The darker spot in the lower right is Mercury.

Summer of Probes

Well I haven’t blogged anything in ages, and I’ve moved to the pacific northwest where I’m not likely to get the same amount of opportunities to use my solar scope as I did in southern California.

New Horizons and Pluto

It’s all good though because this summer we’ve got some great activity in the solar system.  Like most people, when I was a kid, Pluto was a planet.  This exotic place farther from our Sun than any other in the solar system.  Pluto’s been demoted, but it hasn’t diminished in my mind.

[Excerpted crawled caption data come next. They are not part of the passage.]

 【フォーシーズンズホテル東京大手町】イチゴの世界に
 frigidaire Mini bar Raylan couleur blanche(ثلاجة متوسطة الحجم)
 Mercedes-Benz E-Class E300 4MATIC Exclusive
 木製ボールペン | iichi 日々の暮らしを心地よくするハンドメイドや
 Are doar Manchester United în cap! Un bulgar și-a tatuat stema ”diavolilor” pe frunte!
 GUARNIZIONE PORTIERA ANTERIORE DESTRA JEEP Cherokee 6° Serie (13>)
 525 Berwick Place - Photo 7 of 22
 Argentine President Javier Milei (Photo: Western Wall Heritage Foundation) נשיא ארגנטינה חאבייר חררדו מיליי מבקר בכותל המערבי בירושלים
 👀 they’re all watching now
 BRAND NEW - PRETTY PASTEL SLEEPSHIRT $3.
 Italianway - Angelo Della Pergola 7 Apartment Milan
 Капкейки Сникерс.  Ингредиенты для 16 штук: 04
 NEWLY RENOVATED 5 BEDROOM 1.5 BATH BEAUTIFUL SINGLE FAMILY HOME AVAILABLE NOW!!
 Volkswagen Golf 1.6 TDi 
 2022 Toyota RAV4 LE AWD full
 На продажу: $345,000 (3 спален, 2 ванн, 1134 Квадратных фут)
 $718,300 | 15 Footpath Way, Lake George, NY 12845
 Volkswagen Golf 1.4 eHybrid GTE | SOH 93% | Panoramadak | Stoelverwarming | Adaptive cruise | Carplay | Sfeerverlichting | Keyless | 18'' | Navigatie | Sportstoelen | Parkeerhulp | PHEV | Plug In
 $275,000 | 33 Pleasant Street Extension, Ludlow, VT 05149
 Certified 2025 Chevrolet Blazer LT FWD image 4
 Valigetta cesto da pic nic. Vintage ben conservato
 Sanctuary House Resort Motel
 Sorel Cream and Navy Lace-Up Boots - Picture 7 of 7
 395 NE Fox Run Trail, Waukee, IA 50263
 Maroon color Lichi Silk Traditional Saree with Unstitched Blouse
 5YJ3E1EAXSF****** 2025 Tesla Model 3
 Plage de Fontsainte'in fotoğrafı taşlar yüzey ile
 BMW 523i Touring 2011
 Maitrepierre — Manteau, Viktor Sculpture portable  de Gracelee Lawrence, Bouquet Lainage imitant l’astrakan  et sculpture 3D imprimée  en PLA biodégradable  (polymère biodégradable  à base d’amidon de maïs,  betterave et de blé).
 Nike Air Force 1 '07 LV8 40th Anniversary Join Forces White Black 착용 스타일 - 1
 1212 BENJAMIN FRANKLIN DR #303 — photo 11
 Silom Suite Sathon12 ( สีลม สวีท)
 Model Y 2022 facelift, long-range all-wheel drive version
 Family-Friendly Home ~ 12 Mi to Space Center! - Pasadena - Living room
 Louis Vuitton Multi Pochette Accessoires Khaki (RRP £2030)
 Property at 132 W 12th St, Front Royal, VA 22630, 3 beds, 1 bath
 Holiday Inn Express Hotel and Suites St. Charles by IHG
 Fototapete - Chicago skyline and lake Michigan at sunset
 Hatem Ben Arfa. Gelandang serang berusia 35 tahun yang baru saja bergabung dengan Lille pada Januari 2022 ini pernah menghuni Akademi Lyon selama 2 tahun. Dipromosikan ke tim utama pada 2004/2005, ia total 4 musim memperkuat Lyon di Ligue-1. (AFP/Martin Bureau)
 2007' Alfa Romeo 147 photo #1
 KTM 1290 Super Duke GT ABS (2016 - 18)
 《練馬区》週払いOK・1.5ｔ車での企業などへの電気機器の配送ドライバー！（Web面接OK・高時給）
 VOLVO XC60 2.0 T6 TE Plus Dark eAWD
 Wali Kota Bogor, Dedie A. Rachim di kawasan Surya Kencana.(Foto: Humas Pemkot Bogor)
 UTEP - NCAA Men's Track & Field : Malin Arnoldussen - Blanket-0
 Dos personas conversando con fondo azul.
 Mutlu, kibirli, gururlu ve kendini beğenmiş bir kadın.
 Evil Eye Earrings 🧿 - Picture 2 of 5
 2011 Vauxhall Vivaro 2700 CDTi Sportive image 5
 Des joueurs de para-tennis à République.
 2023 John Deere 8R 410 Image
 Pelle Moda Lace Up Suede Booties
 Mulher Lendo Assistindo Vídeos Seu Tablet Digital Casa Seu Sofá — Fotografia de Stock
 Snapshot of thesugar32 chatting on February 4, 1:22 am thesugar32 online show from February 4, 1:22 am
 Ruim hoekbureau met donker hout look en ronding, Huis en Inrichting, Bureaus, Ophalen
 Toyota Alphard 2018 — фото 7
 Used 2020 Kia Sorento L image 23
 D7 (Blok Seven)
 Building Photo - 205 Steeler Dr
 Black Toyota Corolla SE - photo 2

Observing Pluto with amateur telescopes is not very exciting.  Pluto is so small and far away that you can’t really tell the difference between Pluto and a star.  I was observing once with a friend who had an 8″ Celestron Ultima 2000 SCT.  These telescopes are computerized, and he wanted to look at Pluto.  So he told the computer, “show me Pluto.”  After the whirring of the motors stopped, we looked in the eyepiece to a what appeared to be a field of stars.  We joked that the only thing we knew was that light reflected from Pluto had entered our eyes.  Had we had detailed star charts we would have been able to figure out which speck of light was Pluto, but Pluto is so dim that I don’t think there’s a chart on the market we could have purchased.  We would have had to make a chart with our computer and print it out.

Anyway, the point of this post is to talk about the NASA New Horizons mission.  The JPL page for the mission is here.  After nearly 10 years flying out to Pluto, New Horizons is starting to get close.  It will pass nearest to Pluto on July 14th before going on to explore the Kuiper Belt.  It’s starting to return photos that are better than anything we’ve taken before, and there only going to get better for the next month.  This is so exiting.  Not only are we going to learn a lot about Pluto, but we will undoubtedly end up with a lot more new questions about Pluto and the formation of our solar system.

My favorite image so far is this animation that shows the odd orbit of Pluto and its largest moon Charon.  Charon’s mass is 11.6% that of Pluto.  We’re used to seeing one object orbit another with much larger mass, so the effect of the smaller object on the larger object is not easily detectable.  However, in this case, it is very obvious that Charon is tugging on Pluto in a very large way.  Both objects orbit around a point in space instead of a point inside Pluto!

Pluto and Charon's odd orbit

Pluto and Charon orbiting a point between both objects.

 

Dawn and Ceres

At the same time NASA’s Dawn mission is in orbit around Ceres the largest object in the asteroid belt.  Some amazing photos of this object have already been returned.  Why not pop over to JPL’s page and have a look.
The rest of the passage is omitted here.